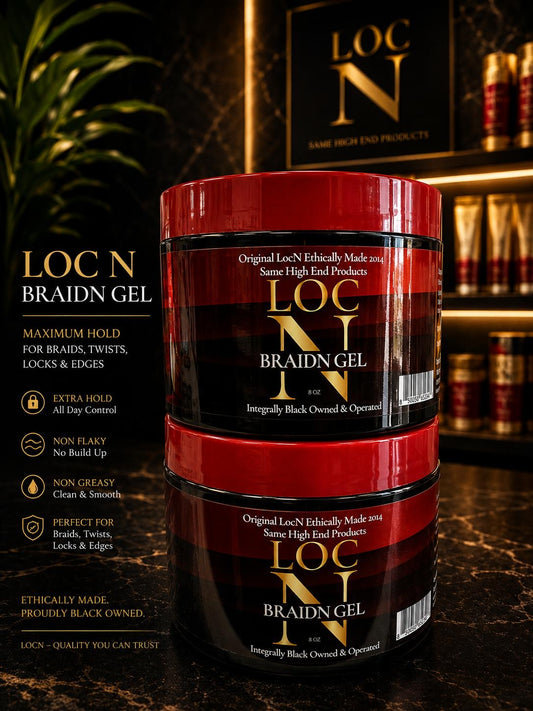 Two stacked jars of LOC N Braid Gel with red lids and black labels, displayed on a dark marble surface with promotional text and a blurred background of shelves and products.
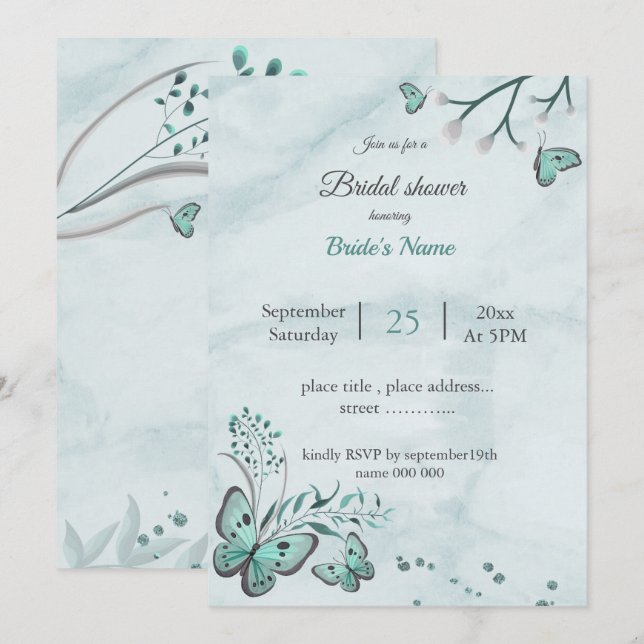 Invitation Papillons bleus turquoises et douche nuptiale feui (Devant / Derrière)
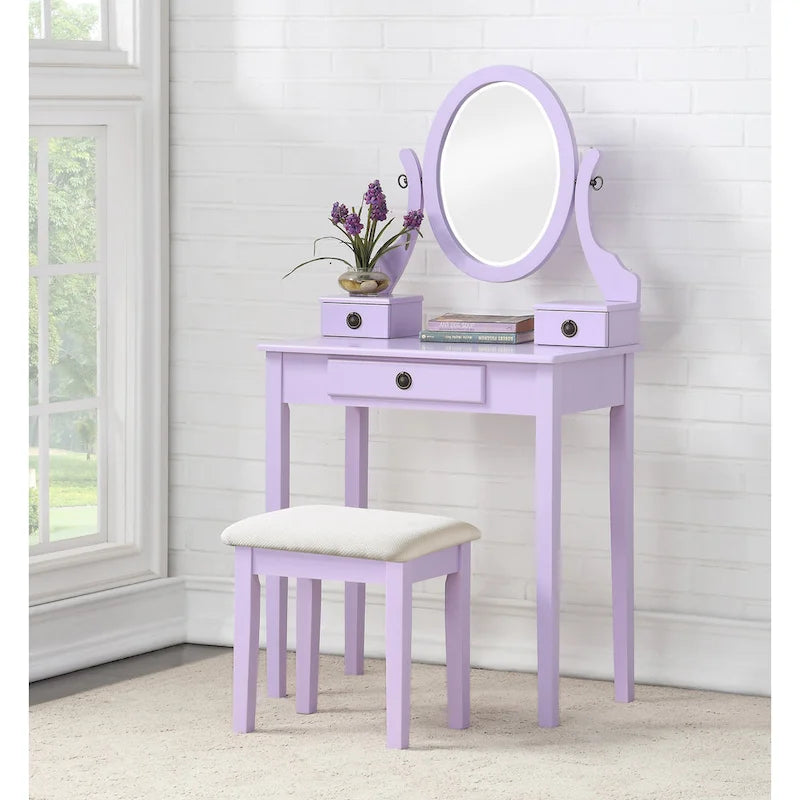 Gold / Blue / Silver / Purple / Rose Gold / Pink / White Wood Makeup Vanity Table & Stool Set, 1-Person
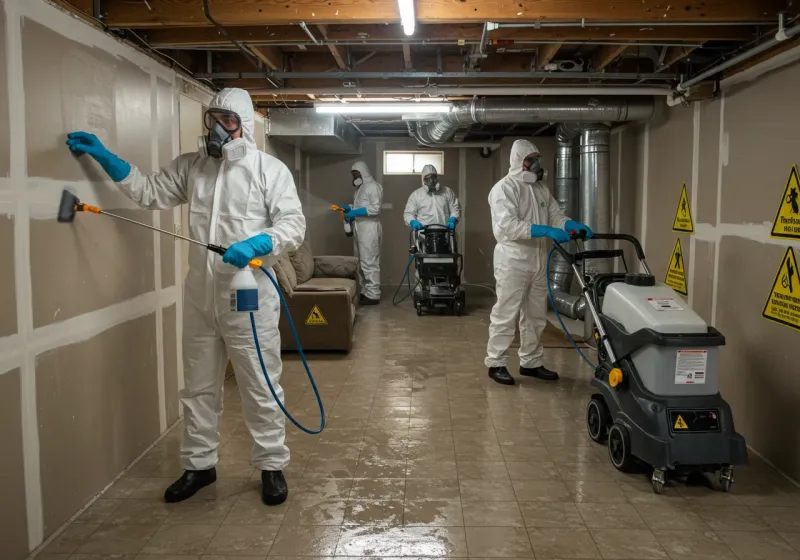 Basement Moisture Removal and Structural Drying process in East Moriches, NY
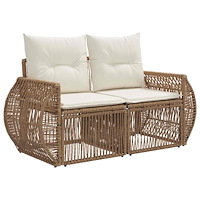 vidaXL Trädgårdsoffa 2-Antal sittplatser Beige konstrotting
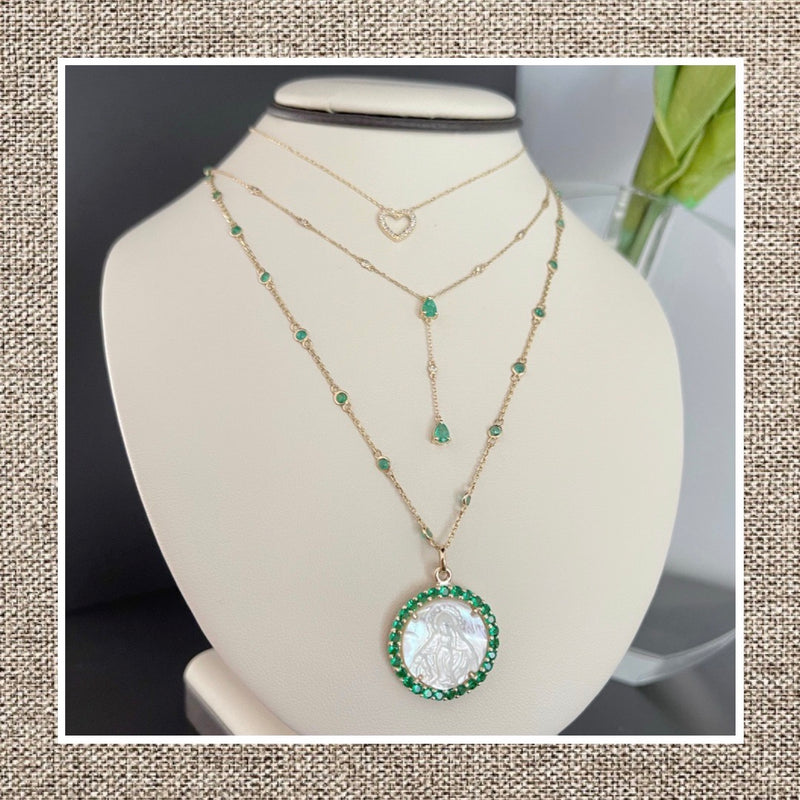 Pear Prong Emerald Necklace with Emerald Drop in Gold 14Kt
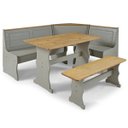 Ver imagem 6 de Conjunto de Bancos com Mesa em Madeira Cinza Lavado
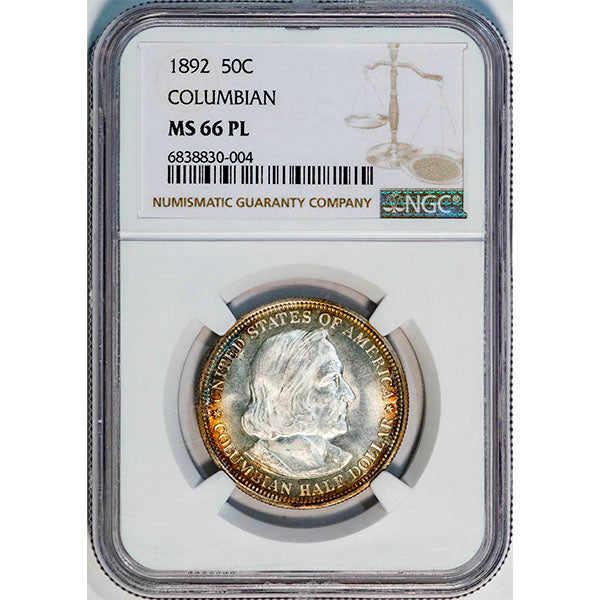 (9296) 1892 50C NGC MS66PL Columbian slab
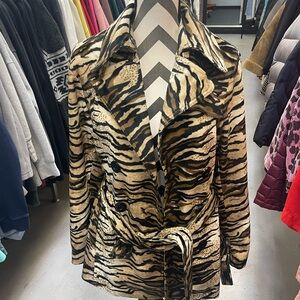 Midnight Velvet Black and Tan Animal Print Trench Coat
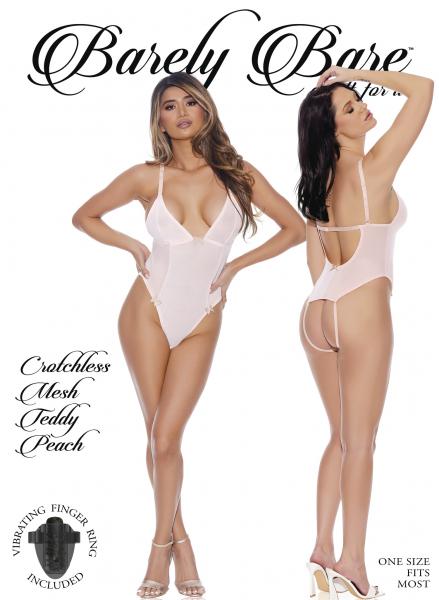 Barely Bare Crotchless Mesh Teddy Peach O/s Sex Toy Product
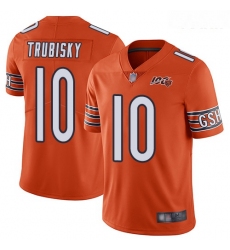Bears #10 Mitchell Trubisky Orange Youth Stitched Football Limited Rush 100th Season Jersey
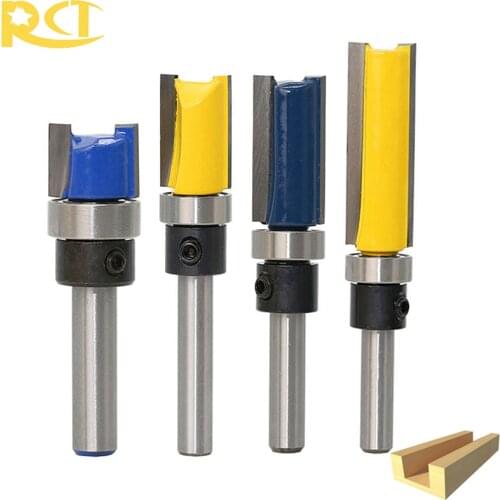 1/4'' Shank Straight Bit Woodworking Flush Trim Router Bit Bearing Wood Milling Cutter 12.7mm Diameter Carpentry Tools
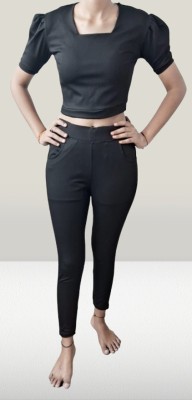 SP FASHION Solid Women Black Track Pants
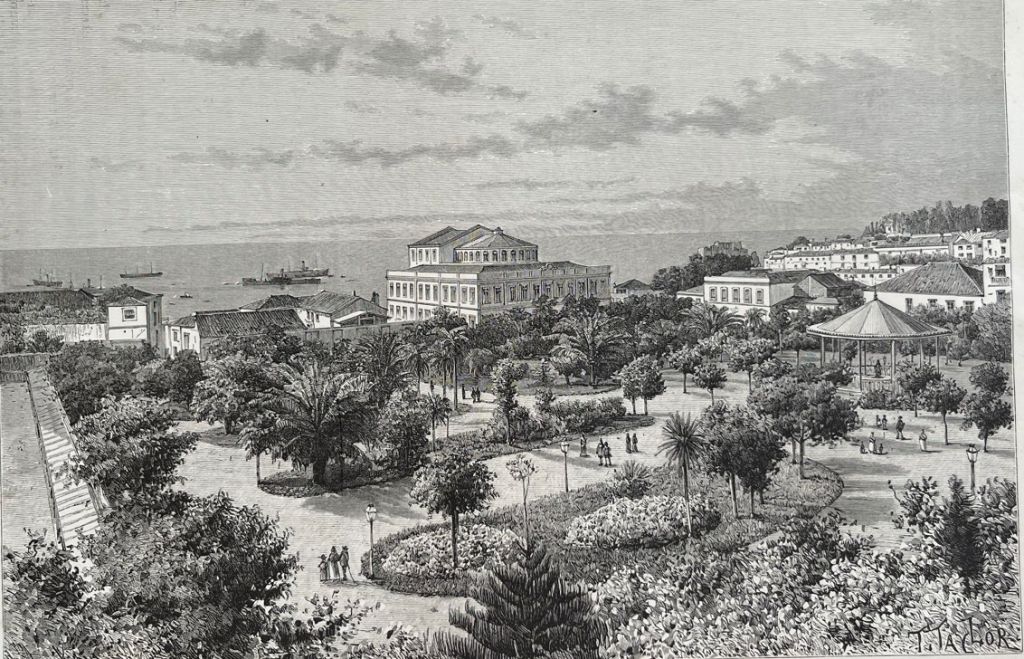 Vista del Teatro y jardín público de la ciudad de Funchal (Madeira, Portugal). Taylor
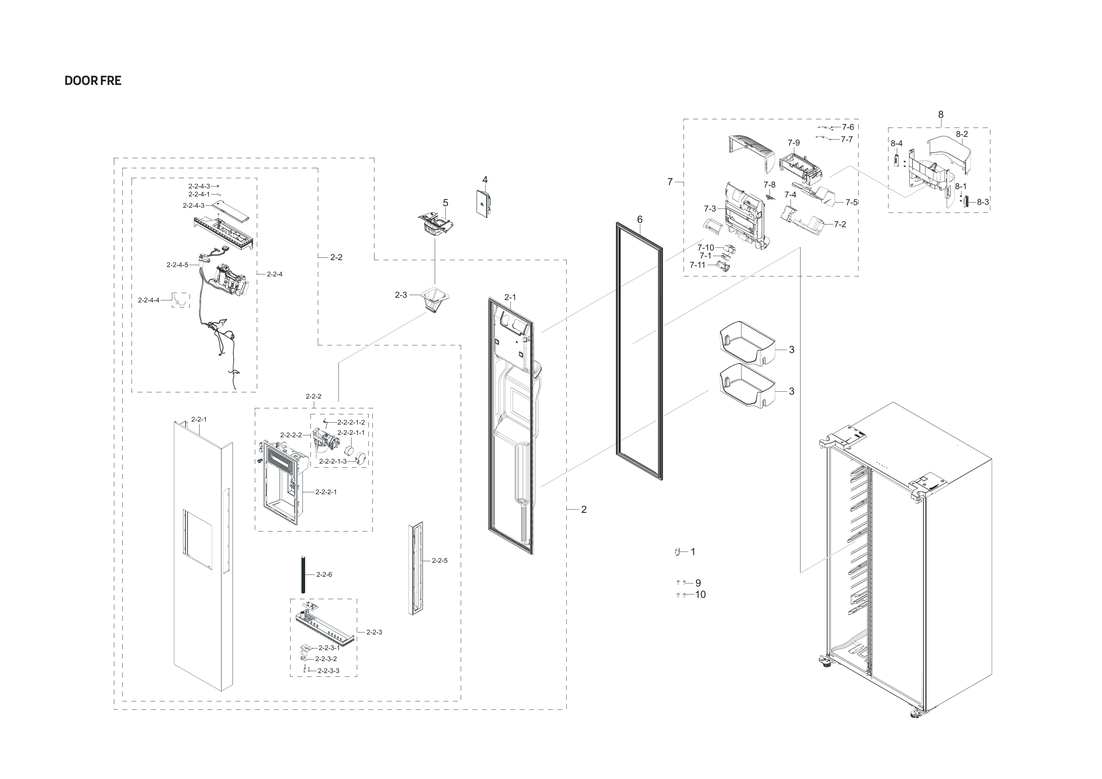 Freezer door parts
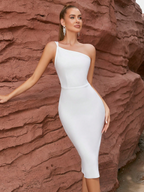 Dame Kjole Rayon Nylon Spandexblanding | Bodycon Pasform Midikjole | Én Skulder Design Til Arrangementer & Aftenbrug | Vanero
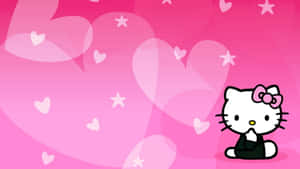 Hello Kitty Pink Hearts Background Wallpaper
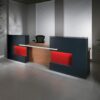 Safa 1 – Reception Desk in Westminster Oak with Black Front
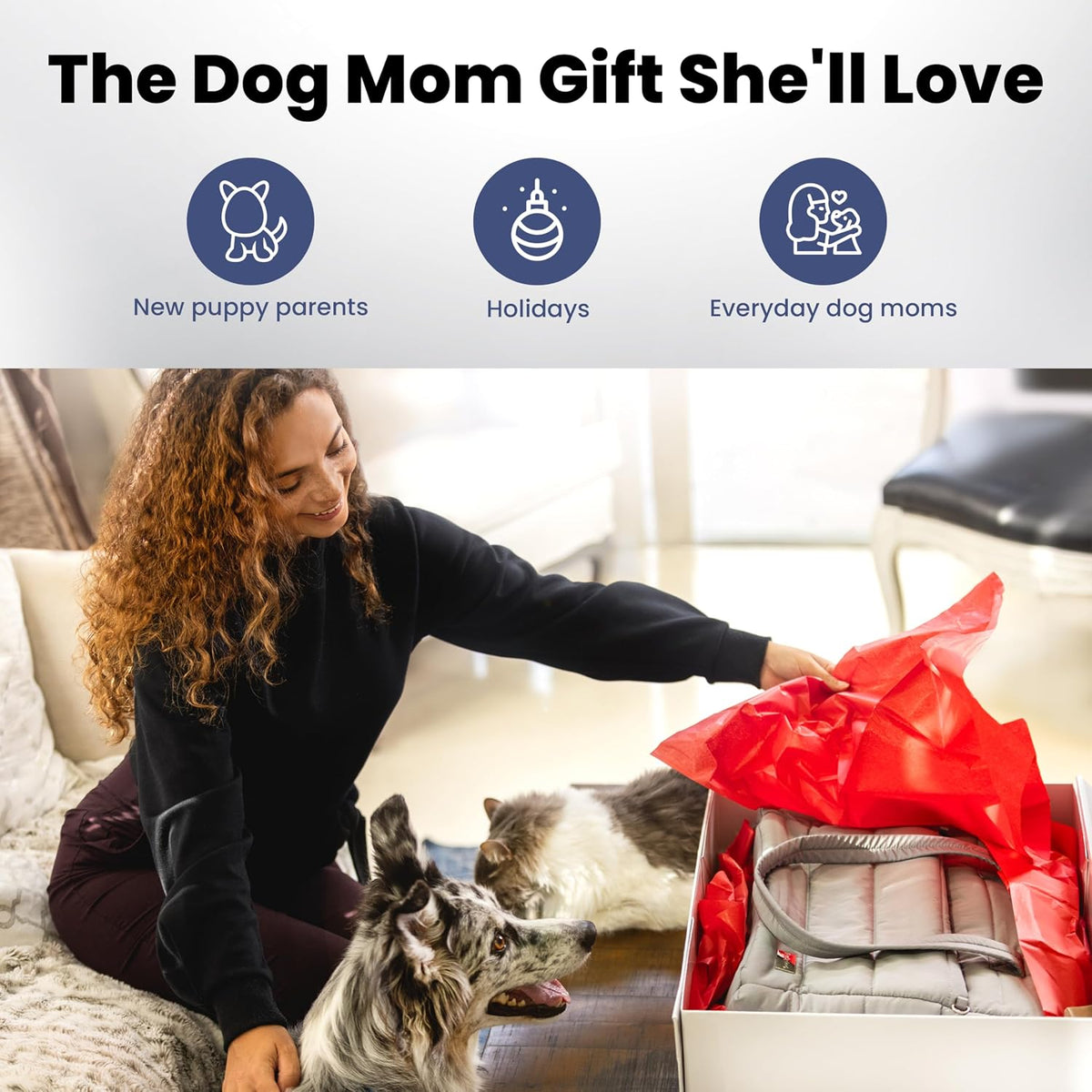 Puffer Dog Travel Bag for Dog Moms, Diaper Bag with Travel Bowls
- - - -
-- Try it --
Copy exactly what appears in the entries, beginning with the first line and ending with the line that has "Gold / Blue", but not the pictures.

-- Result of this task --
 Two stacked jars of LOC N Braid Gel with red lids and black labels, displayed on a dark marble surface with promotional text and a blurred background of shelves and products.
 Invitation Papillons bleus turquoises et douche nuptiale feui (Devant / Derrière)
 Gold / Blue / Silver / Purple / Rose Gold / Pink / White Wood Makeup Vanity Table & Stool Set, 1-Person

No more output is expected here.